Nice work and a mighty fine helper you have there. All lookin' good.


----------



## Tortuga (May 21, 2004)

Really nice work, FF...Personally, I'm having HELL with the antlers. Got an order for a biggie all antler and my horns just don't quite get big enough..LOL

I'll figger out sumthin , though...


----------



## Bobby (May 21, 2004)

Jim see if anyone has some Axis deer antler. It has longer straight pieces and is a little bigger around. Plus it is almost pure white when finished right.


----------



## Flat Fish (Jun 18, 2005)

I've been told you can straighten antler by boiling and then holding in a vice until cool/dry.

You can also soak it in hydorgen peroxide a few days to whiten it. I have done this to a test piece but never a piece I turned into a pen.

The part I hate with antler is the drilling. The rest is ok.


----------



## Tortuga (May 21, 2004)

Flat Fish said:


> I've been told you can straighten antler by boiling and then holding in a vice until cool/dry.
> 
> You can also soak it in hydorgen peroxide a few days to whiten it. I have done this to a test piece but never a piece I turned into a pen.
> 
> *The part I hate with antler is the drilling*. The rest is ok.


Ten-four on THAT, FF..Busted a lot of knuckles trying to drill that stuff..

Re: 'boiling'.. I tried that a few months back..boiled it for at least a half hour and it was just as hard as a rock..:smile:..Slung it back into the pot for another hour and....NADA...

Gonna give that peroxide a try.. Tried cleaning up the finished blanks with a good rub down with acetone..but no sale...

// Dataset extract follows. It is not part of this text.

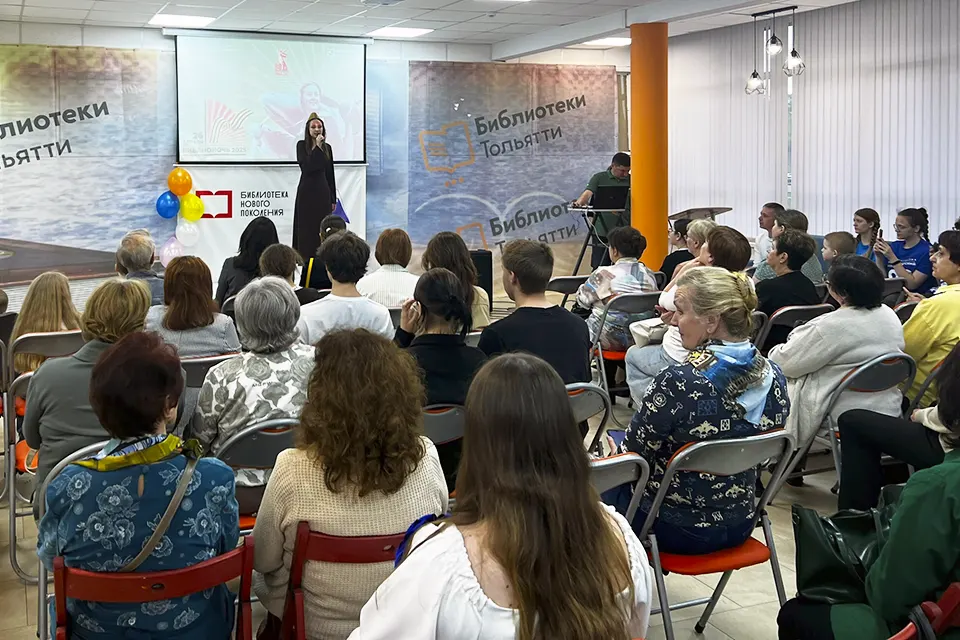 девушка выступает на Библионочи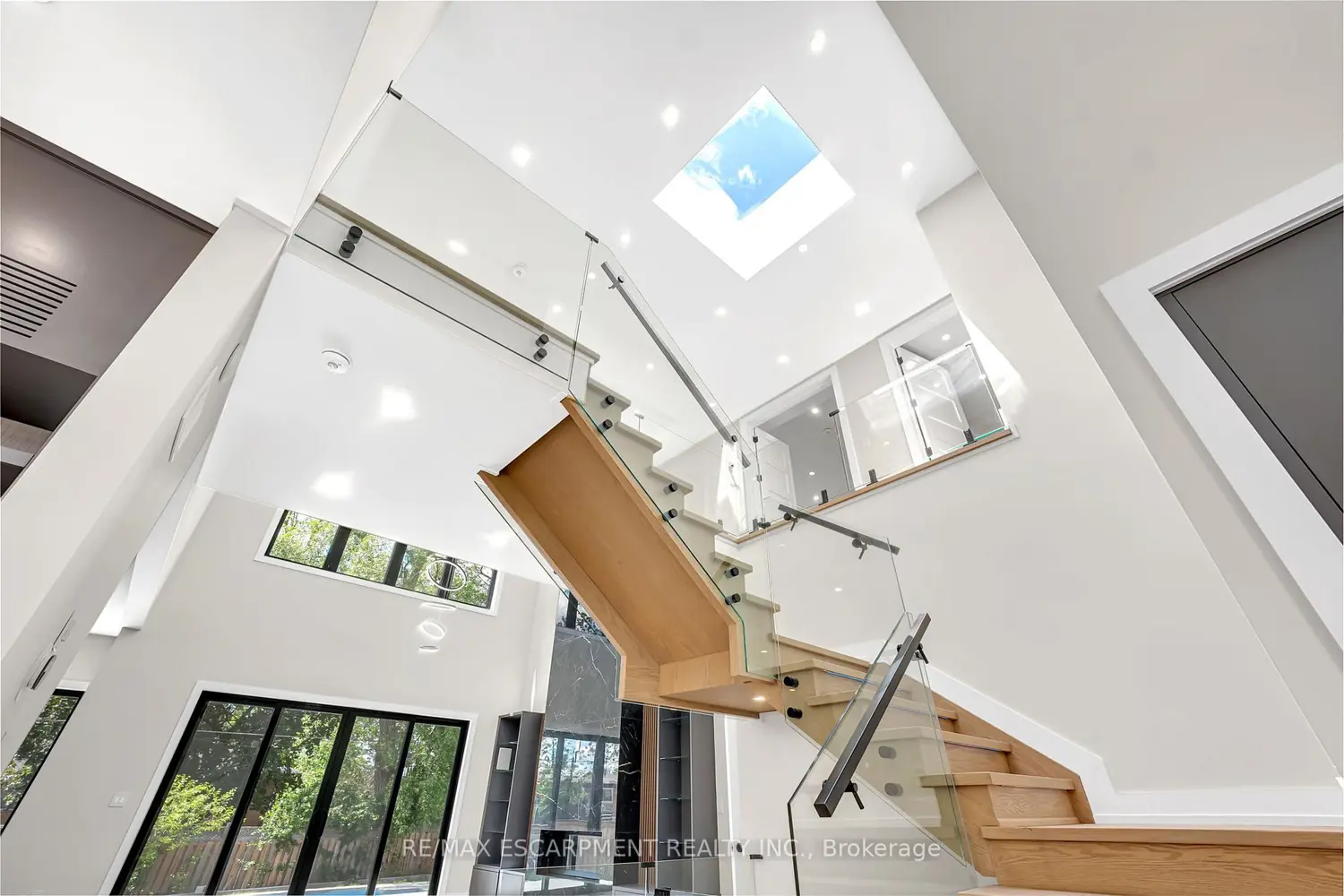 369 Wade Street photo 5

Guess I'm gonna have to hustle some of these 'hunter-types' and see if I can't beg a few more axis..That really did make some nice pens...


----------



## bill (May 21, 2004)

part I hate is the smell...yuck!!


----------



## Slip (Jul 25, 2006)

galvbay said:


> Those stoppers are really sharp. I like that one on the right in the top picture...good stuff there! We need a tutorial on how you are making the stoppers 8*)!
> Thanks for the pics..gb


I agree, I really like the same bottle stopper. Very nice and good shape to it. Nice job.


----------